Sunday, February 26, 2006

Start effin

Shankar Vedantam revisits the greatest mudslide in the history of America's intellectual erosion, "intelligent design." Highlights:

- The world's smallest violin plays for biology professor Caroline Crocker, who claims she was fired from George Mason University for teaching intelligent design. She believes in creation, claims that there is "not a lot" of evidence for evolution, and sees her role as balancing "the 'ad nauseum' pro-evolution accounts that students had long been force-fed."

"Just like they say you can't discriminate against black people, or against gays, maybe they will say you can't discriminate against Darwin-doubters," Crocker told me.

- Vedantam says ID advocates believe the tables have been turned on them.

If Galileo and Copernicus were the scientific rebels who were once punished by the dogma and authority of the church, [intelligent design] advocates now believe that they are being punished by the dogma and authority of science.

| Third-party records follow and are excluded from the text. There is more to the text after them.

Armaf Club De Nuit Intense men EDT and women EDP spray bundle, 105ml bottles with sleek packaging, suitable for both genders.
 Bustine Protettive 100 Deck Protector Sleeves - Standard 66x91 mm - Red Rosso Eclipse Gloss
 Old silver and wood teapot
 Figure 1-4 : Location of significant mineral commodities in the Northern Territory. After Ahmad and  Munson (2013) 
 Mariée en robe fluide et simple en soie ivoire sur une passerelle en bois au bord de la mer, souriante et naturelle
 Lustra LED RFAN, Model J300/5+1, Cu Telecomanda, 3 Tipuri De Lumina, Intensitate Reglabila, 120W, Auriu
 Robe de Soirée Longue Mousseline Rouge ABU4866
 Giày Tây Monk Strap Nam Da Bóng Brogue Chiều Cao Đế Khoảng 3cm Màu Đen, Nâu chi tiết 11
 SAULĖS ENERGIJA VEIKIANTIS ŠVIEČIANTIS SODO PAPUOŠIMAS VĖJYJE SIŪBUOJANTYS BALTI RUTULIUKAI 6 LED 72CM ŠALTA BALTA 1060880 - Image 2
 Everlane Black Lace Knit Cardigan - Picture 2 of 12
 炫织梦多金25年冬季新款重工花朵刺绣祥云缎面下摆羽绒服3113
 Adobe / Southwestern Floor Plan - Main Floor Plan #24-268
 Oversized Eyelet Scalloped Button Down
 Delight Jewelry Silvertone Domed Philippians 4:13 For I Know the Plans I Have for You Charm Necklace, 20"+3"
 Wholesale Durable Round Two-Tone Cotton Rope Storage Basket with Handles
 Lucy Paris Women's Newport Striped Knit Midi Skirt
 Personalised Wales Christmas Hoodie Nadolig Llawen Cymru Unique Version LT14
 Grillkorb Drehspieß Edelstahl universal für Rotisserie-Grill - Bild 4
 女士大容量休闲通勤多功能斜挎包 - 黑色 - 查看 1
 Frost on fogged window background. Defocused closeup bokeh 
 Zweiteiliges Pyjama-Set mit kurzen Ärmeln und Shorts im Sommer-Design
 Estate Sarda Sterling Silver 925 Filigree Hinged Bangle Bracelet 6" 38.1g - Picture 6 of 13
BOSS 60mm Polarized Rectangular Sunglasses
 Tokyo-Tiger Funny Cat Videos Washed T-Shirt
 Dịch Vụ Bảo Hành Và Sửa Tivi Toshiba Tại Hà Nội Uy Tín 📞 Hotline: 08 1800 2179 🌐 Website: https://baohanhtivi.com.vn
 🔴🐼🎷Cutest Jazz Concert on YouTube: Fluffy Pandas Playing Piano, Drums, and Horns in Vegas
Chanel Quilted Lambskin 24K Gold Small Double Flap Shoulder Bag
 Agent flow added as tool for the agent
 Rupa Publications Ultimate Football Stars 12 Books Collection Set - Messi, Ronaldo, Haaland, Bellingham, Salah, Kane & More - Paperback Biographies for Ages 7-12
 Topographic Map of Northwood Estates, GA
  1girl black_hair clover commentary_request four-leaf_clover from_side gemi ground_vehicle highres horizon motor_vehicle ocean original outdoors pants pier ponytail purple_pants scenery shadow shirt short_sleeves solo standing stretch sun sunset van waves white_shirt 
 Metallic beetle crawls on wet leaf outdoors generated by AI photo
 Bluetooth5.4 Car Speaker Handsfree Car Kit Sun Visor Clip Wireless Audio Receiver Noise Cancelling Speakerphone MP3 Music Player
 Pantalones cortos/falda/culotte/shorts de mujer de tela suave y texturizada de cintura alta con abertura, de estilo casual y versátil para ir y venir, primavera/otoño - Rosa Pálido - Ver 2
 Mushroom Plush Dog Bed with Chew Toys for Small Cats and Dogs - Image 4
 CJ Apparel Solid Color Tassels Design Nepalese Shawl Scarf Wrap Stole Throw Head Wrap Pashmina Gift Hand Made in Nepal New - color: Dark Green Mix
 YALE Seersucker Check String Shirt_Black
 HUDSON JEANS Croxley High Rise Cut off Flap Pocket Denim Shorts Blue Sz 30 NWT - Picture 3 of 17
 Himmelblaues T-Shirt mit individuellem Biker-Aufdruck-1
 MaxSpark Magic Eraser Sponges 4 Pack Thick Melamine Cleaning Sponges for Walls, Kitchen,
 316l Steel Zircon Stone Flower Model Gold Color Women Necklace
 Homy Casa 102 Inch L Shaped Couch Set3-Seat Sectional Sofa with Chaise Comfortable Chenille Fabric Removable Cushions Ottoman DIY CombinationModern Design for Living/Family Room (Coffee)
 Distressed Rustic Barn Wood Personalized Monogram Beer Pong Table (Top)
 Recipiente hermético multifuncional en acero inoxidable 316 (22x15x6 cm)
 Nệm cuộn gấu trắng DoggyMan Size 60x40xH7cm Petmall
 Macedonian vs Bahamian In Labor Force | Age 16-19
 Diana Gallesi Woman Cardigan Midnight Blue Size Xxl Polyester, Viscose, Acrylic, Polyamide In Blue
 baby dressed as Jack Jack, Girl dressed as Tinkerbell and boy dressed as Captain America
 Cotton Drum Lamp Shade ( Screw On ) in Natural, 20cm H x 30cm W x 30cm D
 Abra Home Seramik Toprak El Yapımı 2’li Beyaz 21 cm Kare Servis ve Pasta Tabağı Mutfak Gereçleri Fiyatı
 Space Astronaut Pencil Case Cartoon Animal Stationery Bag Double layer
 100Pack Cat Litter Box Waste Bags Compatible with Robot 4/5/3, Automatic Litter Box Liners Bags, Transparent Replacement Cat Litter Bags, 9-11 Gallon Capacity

- And finally, this tragically ironic proposition:

Given that traditional people tend to have larger families, and that the doubters of natural selection are more likely than not to be religious traditionalists, I asked [Richard] Dawkins whether natural selection may favor those who don't believe in it.

He said: "That's an interesting suggestion that natural selection may favor those who do not believe in natural selection. It might be true."

Yikes. That's interesting spin on theodicy. Into the sack, Darwinists!